A text diff tool compares two pieces of text and identifies exactly what changed between them. The output -- called a diff or a patch -- shows which lines were added, removed, or modified. This is the same fundamental operation that powers version control systems like Git, code review platforms, and document comparison features in word processors. The tool takes two inputs (often called the "original" and the "modified" or "left" and "right"), runs a comparison algorithm, and produces a structured representation of the differences. You see the changes highlighted visually: removed text in one color, added text in another, and unchanged context lines in between to help you orient yourself within the document.
The most widely used algorithm for computing diffs is the Myers diff algorithm, published by Eugene Myers in 1986. Myers' algorithm finds the shortest edit script -- the minimum number of insertions and deletions needed to transform the original text into the modified text. It works by modeling the problem as finding the shortest path through an edit graph, where moving right represents deleting a character from the original and moving down represents inserting a character from the modified text. Diagonal moves represent matching characters that require no edit.

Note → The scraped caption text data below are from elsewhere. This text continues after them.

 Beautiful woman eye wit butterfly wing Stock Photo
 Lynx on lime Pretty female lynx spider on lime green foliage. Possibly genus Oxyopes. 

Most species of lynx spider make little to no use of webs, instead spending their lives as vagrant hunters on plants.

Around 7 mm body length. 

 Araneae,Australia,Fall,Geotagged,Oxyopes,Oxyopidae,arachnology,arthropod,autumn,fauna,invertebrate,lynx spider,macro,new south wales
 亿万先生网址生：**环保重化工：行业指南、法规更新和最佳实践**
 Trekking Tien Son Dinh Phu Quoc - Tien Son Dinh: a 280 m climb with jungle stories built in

The algorithm runs in O(ND) time, where N is the total length of both inputs and D is the size of the minimum edit script. For inputs that are mostly similar -- which is the typical case in version control -- D is small and the algorithm is fast.

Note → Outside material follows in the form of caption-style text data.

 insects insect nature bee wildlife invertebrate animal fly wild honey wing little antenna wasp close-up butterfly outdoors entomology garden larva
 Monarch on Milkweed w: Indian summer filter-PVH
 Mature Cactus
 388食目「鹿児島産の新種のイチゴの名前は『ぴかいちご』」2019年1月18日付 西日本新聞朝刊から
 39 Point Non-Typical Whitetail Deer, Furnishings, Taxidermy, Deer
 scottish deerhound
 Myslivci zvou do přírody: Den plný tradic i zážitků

Under the hood, most diff algorithms rely on finding the Longest Common Subsequence -- or LCS -- between two sequences. The LCS is the longest sequence of elements that appears in both inputs in the same order, though not necessarily contiguously. Once you have the LCS, the diff is everything that is not part of it: elements in the original but not in the LCS are deletions, and elements in the modified text but not in the LCS are insertions. The classic dynamic programming solution for LCS runs in O(mn) time and space where m and n are the lengths of the two inputs. Myers' algorithm improves on this for the common case where the differences are small relative to the total size. Git uses a variant of Myers' algorithm by default, with an option to switch to a patience diff or histogram diff for cases where Myers produces confusing output.